As shown in Scheme [2], the reaction of cyclopropanol 1a with 1-(phenylethynyl)-1,2-benziodoxol-3(1H)-one (2a) was completely suppressed when using a stoichiometric amount of radical inhibitor (3 equiv), including 2,2,6,6-tetramethylpiperidin-1-oxyl (TEMPO) and 2,6-di-tert-butyl-4-methylphenol (BHT). The results suggest that this reaction involves a free radical process.
Therefore, the proposed mechanism outlined in Scheme [2] for this ring opening of cyclopropanols 1 by silver(I) nitrate and potassium persulfate begins by the formation of the alkyl radical intermediate A. The addition of intermediate A to the C≡C bond in 2 produces the vinyl radical intermediate B, followed by C–I bond cleavage by single-electron transfer and this is followed by β-elimination to give the desired products 3 and radical C. Within this process, silver salts might play at least two roles: as the catalyst to initiate the formation of the radical intermediate A and as Lewis acid to stabilize the radical intermediates.

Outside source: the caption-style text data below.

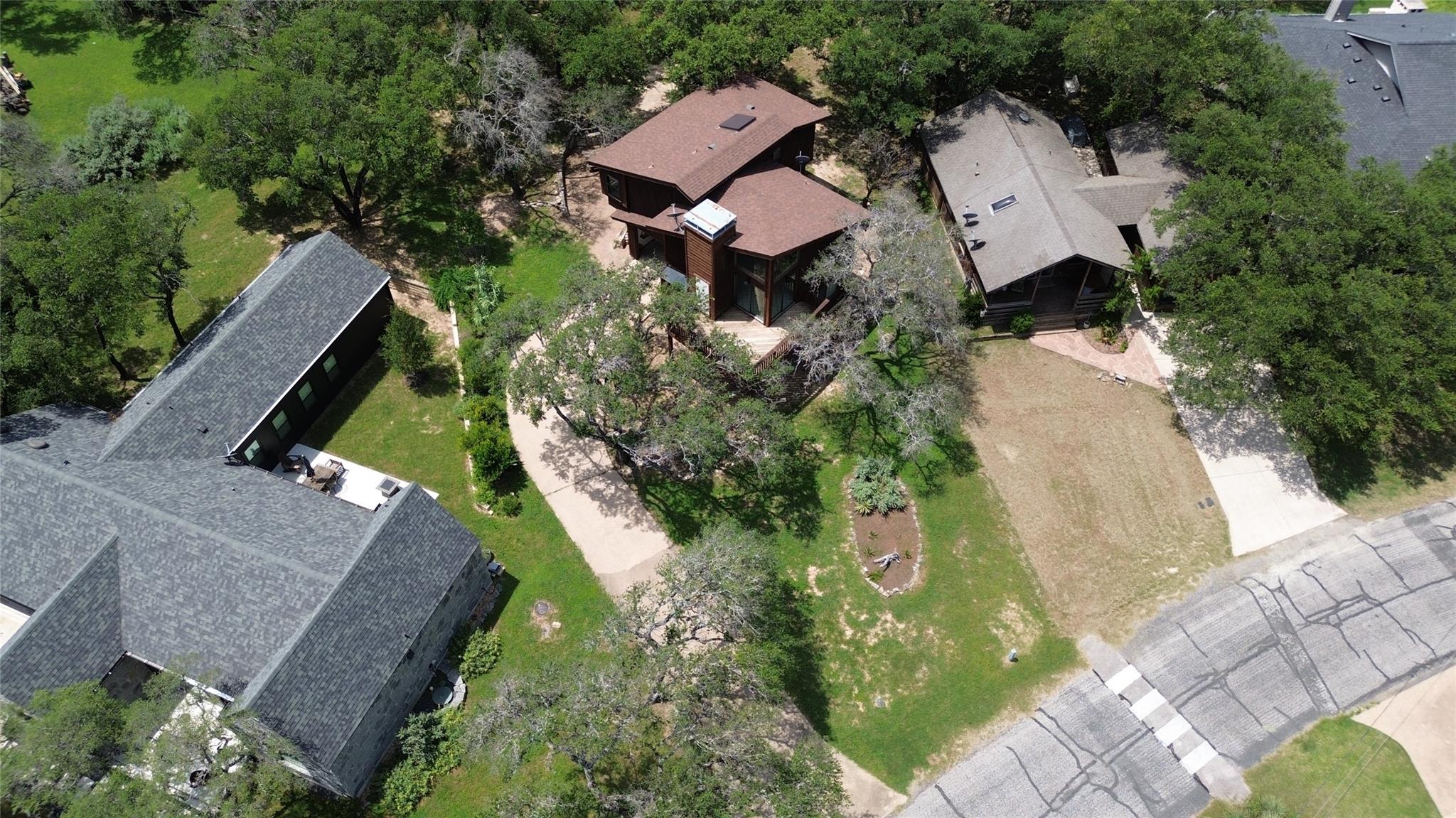 40th image of 334 Coventry Rd, Spicewood, TX 78669 | MLS# 9411084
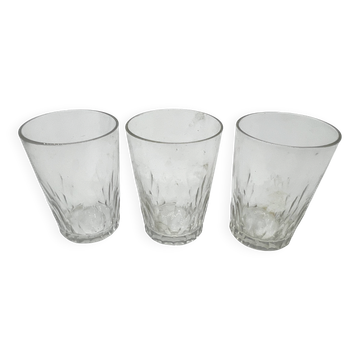 Trio of Baccarat liqueur glasses – Richelieu pattern – Signed crystal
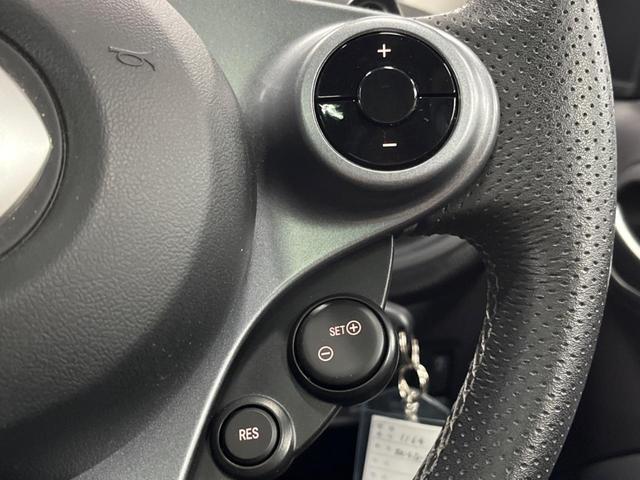スマートフォーフォー ターボ　ガラスルーフ　ナビゲーション　フルセグ　Ｂｌｕｅｔｏｏｔｈ　バックカメラ　パークセンサー　黒革シート　シートヒーター　フォグライト　オートエアコン　パドルシフト　純正１６インチアルミホイール　ＥＴＣ（41枚目）
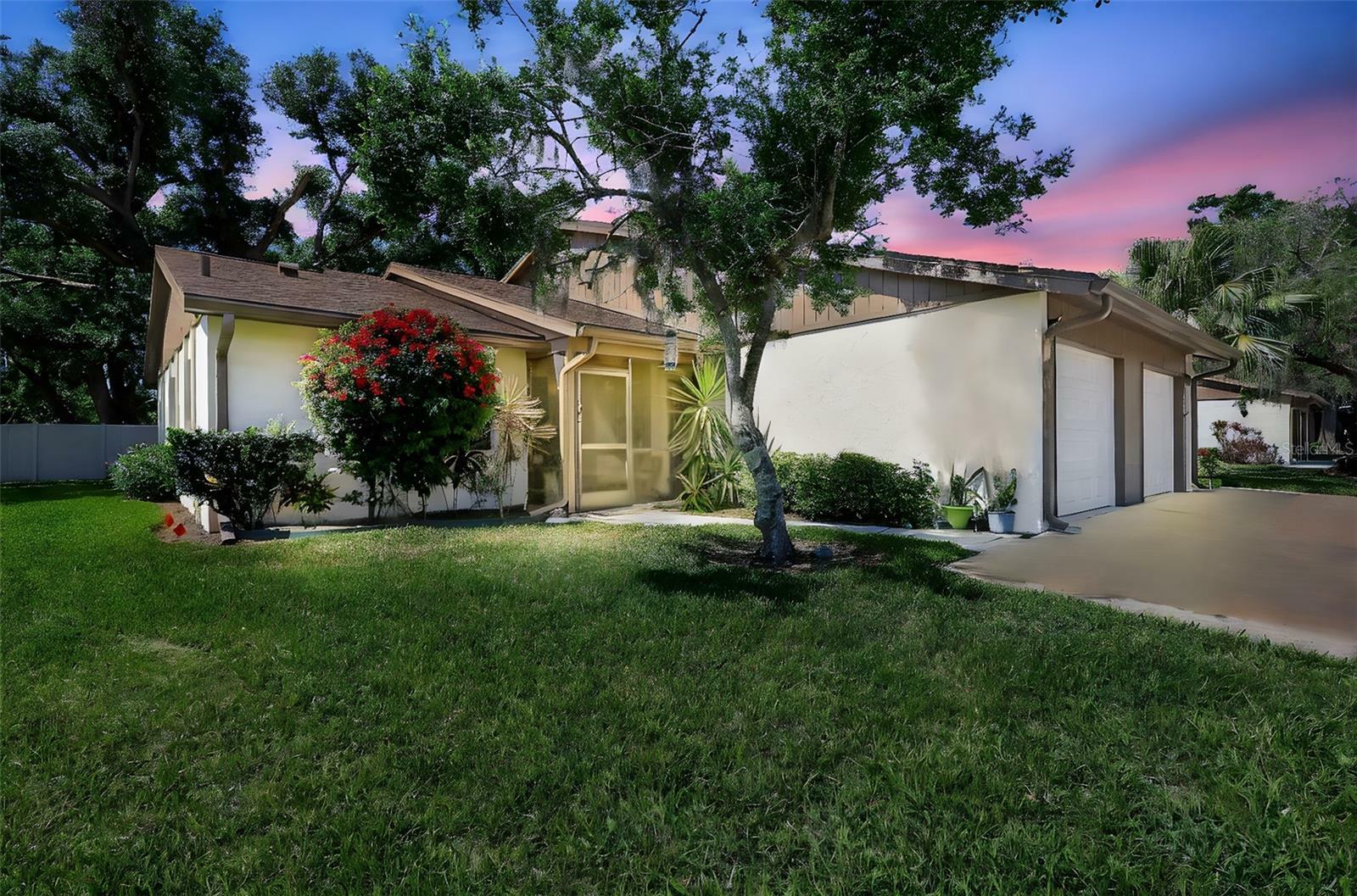 Property Photo: 4722 Oak Hill Lane 44 FL 34232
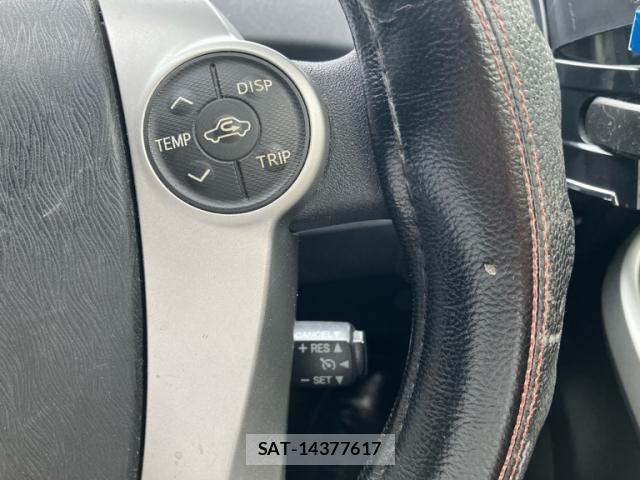 Toyota PRIUS 2015-07 8727194-14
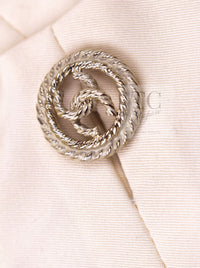 CHANEL 11C Ivory Cream Simple Single Logo Button Tailored Wool Jacket 38 シャネル アイボリー クリーム ウール シンプル ブレザー ジャケット ココボタン 即発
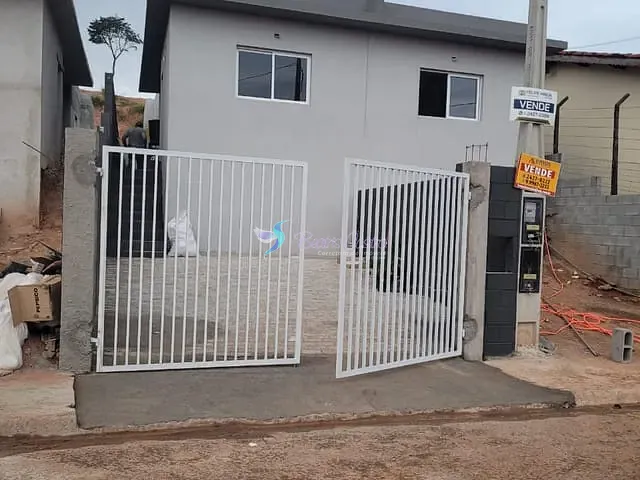 Casa com 125m² 2 quartos e 1 banheiro, à venda, no bairro Vila Santa Helena em Atibaia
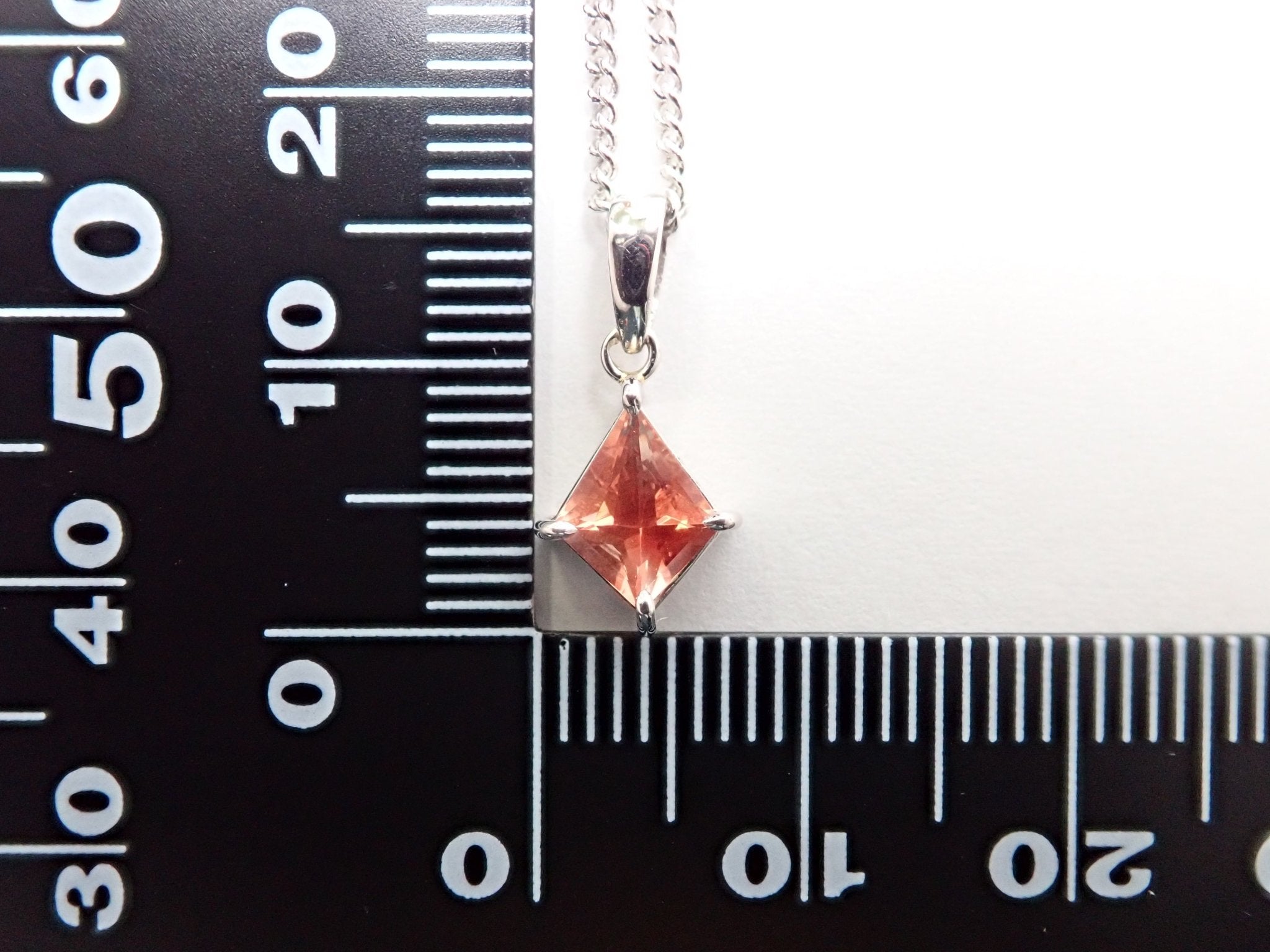 Pt900オレゴンサンストーン0.553ct ペンダントトップ(ネックレストップ) - KARATZ STORE|カラッツSTORE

In summary, we have developed a new silver-promoted oxidative ring opening/alkynylation of cyclopropanols with ethynylbenziodoxolones for the synthesis of alkylated alkynes in the presence of potassium persulfate. In this method, both silver(I) nitrate and potassium persulfate have two roles as catalysts and oxidants, thus achieving ring opening and alkynylation with broad substrate scope and excellent selectivity.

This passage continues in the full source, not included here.